According to the lens polishing apparatus of the present invention, rough polishing, intermediate polishing, and finish polishing can be automatically performed without attaching or detaching the lens from the apparatus, so that the number of working steps associated with attachment and detachment can be further reduced.
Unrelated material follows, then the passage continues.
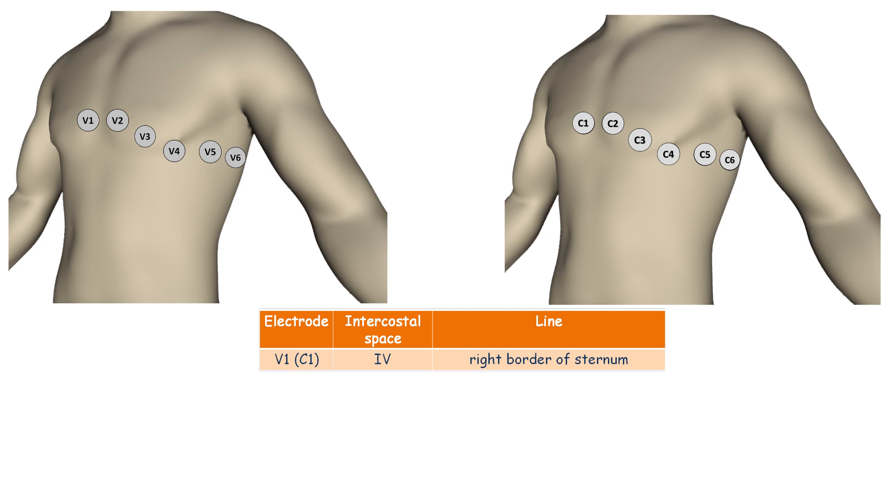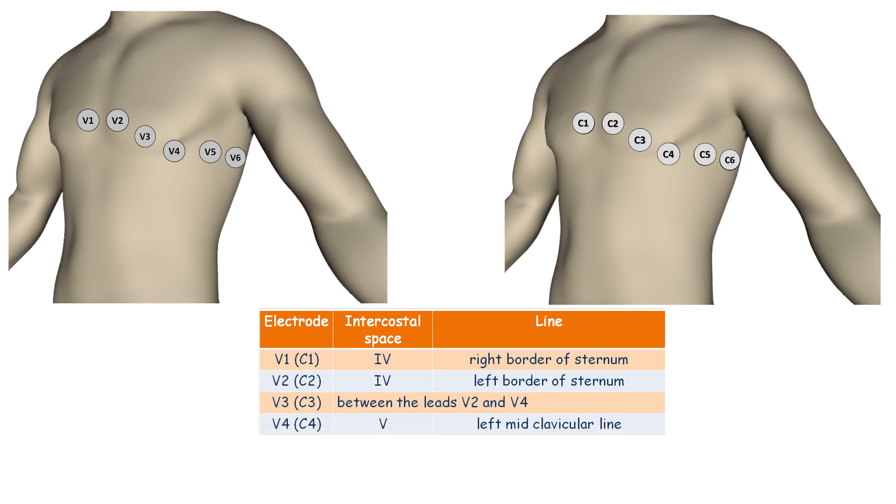V1 (or C1) is attached to the fourth intercostal space at the right border of the sternum. V2 (or C2) is placed at the fourth intercostal space at the left sternal border, opposite to V1. V4 (or C4) is attached at the fifth intercostal space at the left mid-clavicular line. V3 (or C3) is placed midway between leads V2 and V4.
Eliminates the deterioration of the thickness of the radius of curvature associated with the attachment and detachment, and a great amount of setup time, which improves the lens accuracy and enables even an unskilled person to perform short-time processing.

[Brief description of drawings]

FIG. 1 is a side view.

FIG. 2 is a partially enlarged view of a polishing portion of FIG.

FIG. 3 is a partially enlarged view of the mounting base portion of FIG.

FIG. 4 is a front view.

FIG. 5 is a plan view.

FIG. 6 is a partially cutaway perspective view.

FIG. 7 is a partially cutaway plan view showing a second embodiment.

[Explanation of symbols]

 4 Operation Box 5 Vertical 6 Vertical Axis Drive Servo Motor 8 Horizontal Axis 9 Horizontal Axis Servo Motor 10 Lens Holder 11 Work Rotation Motor 12 Oscillation Axis 13 Oscillation Axis Drive Servo Motor 14 Grindstone Rotation Motor 15 Grindstone Axis 16 Grindstone Attachment / Detachment Chuck 17 Attachment / Detachment Upper and lower cylinder 24 Lens material

Claims (1)

[Claims] 1. An apparatus for polishing a lens material to have a predetermined radius of curvature and a predetermined thickness, the grindstone exchange for converting various types of grindstones for rough polishing, medium polishing and finish polishing for polishing a lens material according to instructions of a predetermined program. And a measuring means for measuring and calculating the radius of curvature and thickness of the lens material according to means of a predetermined program, and based on the measurement calculation result of the measuring means, polishing correction of the lens material, replacement of a grindstone, etc. And a lens polishing device having control means for instructing.